## Supplied material

----------------

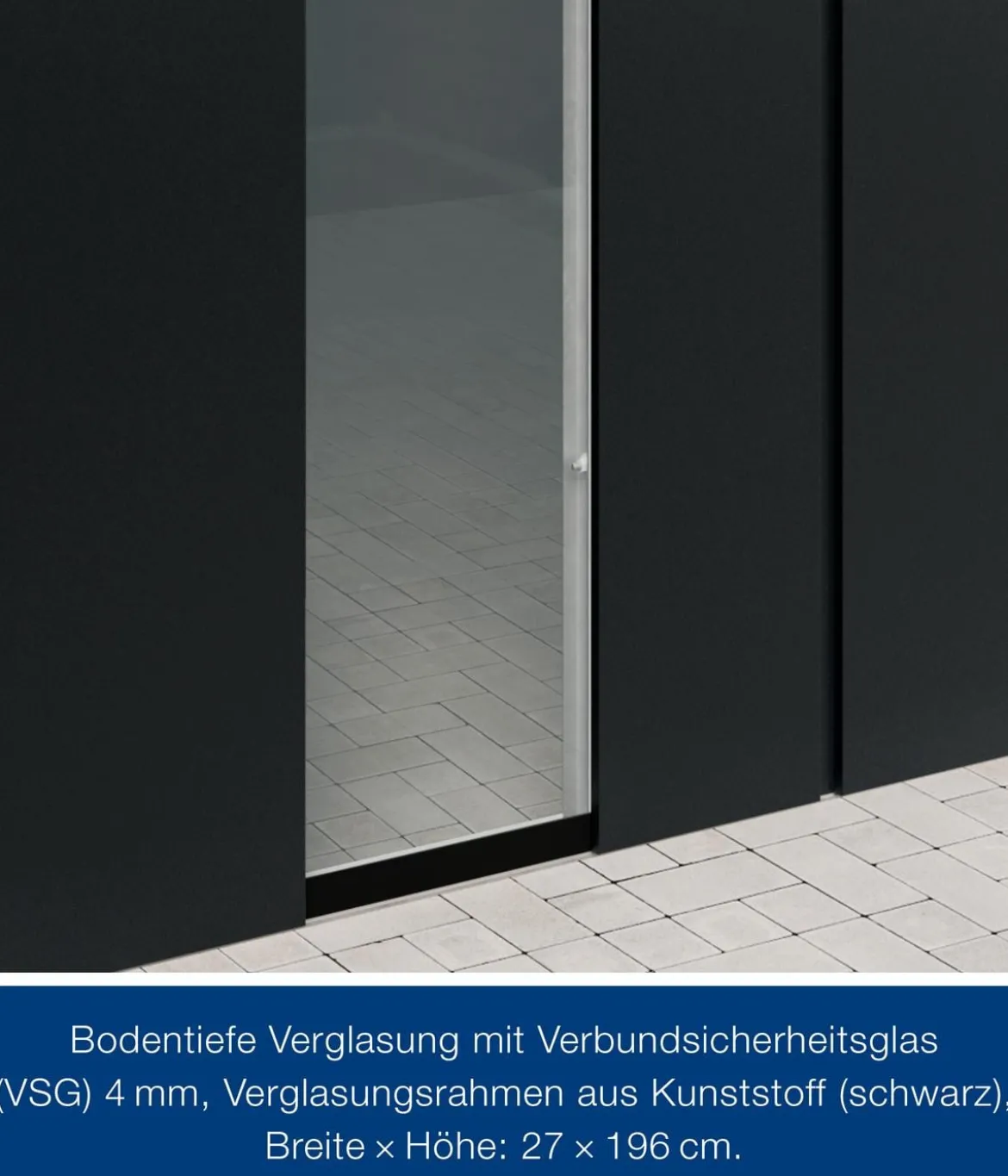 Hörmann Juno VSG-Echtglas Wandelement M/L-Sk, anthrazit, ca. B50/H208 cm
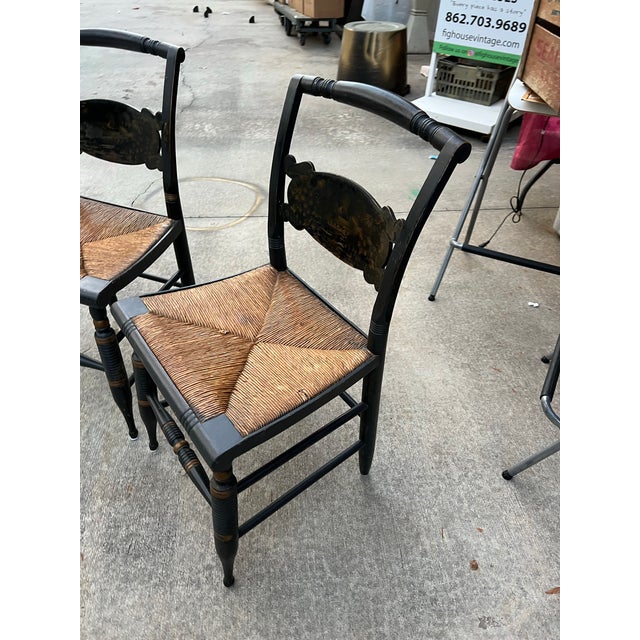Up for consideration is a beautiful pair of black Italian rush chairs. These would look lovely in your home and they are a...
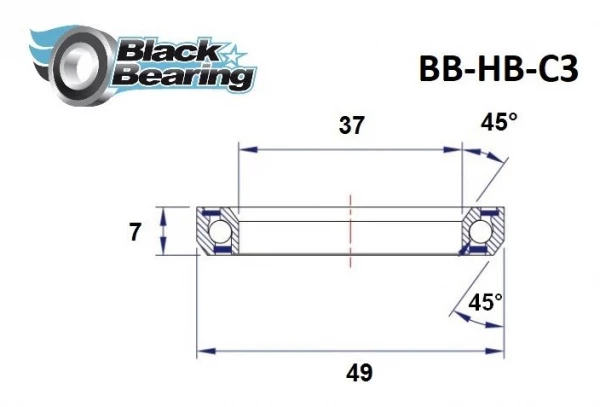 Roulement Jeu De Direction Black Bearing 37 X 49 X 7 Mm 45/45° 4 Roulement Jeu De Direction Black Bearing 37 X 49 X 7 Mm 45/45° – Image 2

----------------

## Aim of the exercise
Without including any picture, write out the material above exactly.

## Output of the task
 Hörmann Juno VSG-Echtglas Wandelement M/L-Sk, anthrazit, ca. B50/H208 cm
Up for consideration is a beautiful pair of black Italian rush chairs. These would look lovely in your home and they are a...
 Roulement Jeu De Direction Black Bearing 37 X 49 X 7 Mm 45/45° 4 Roulement Jeu De Direction Black Bearing 37 X 49 X 7 Mm 45/45° – Image 2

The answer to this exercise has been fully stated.